Stagione outdoor 2026: cosa c’è sulla tua lista dei desideri?
"Come obiettivo stagionale ci sono gli europei di Birmingham che saranno a poca distanza dalla mia seconda casa: mia mamma è inglese e la mia famiglia abita lì vicino, ci saranno tutti. Voglio vivere quella gara al massimo perché sarà quasi come gareggiare in casa e avrà un significato emotivo molto forte, vorrei fare bene. Poi superare i 7 metri di nuovo, l'ho fatto una sola volta in carriera e non tante atlete possono vantarsi di esserci riuscite. Se si parla di obiettivi e medaglie sono chiacchiere, li tengo per me, però sono chiacchiere abbastanza scontate".

C'è un sogno nel cassetto, totalmente al di fuori dell'ambito sportivo, che non hai ancora iniziato a realizzare?
"Sarò un po' troppo proiettata in avanti, quindi chi crede tantissimo nel qui ed ora mi vorrà bastonare, però ho tanti progetti per il futuro che lego chiaramente al post carriera. Un sogno nel cassetto che vorrei realizzare è quello di viaggiare. Sul telefono ho una lista enorme di luoghi che voglio visitare, viaggio tanto per lavoro ma vorrei scoprire un po' il mondo".

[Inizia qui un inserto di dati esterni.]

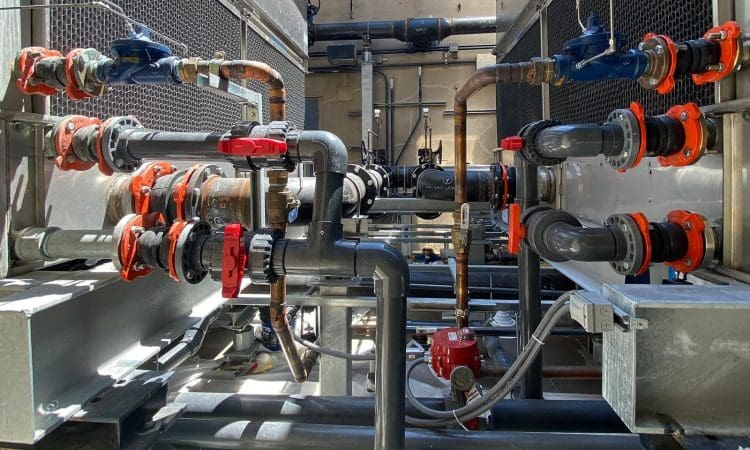 Industrial piping system with multiple valves, connectors, and metal pipes, featuring red and blue valve handles, set between two large units.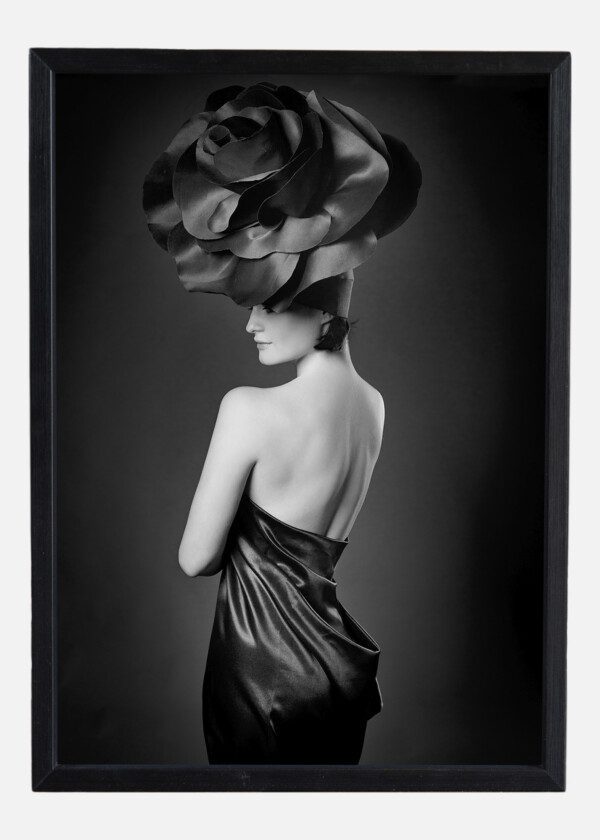 BLACK AND WHITE PORTRAIT OF A GIRL IN A DARK ROSES SUIT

Quali sono i luoghi che hai sulla lista?
"Mi piacerebbe tanto fare un il giro di tutta l'Islanda, vedere la terra del ghiaccio e del fuoco. Oppure visitare la Muraglia Cinese, anche se in realtà il mio progetto è quello di vedere le sette meraviglie del mondo: da piccola avevo un'enciclopedia e mi sono detta ‘Un giorno sicuramente le vedrò tutte'. Poi andare alla scoperta della Nuova Zelanda e fare il giro di tutti i 50 stati americani e delle città più importanti in macchina. E anche l'Isola di Pasqua, è un pallino da quando ero bambina: ho visto un cartone animato quando avevo 10 anni e non me lo sono mai tolta dalla testa".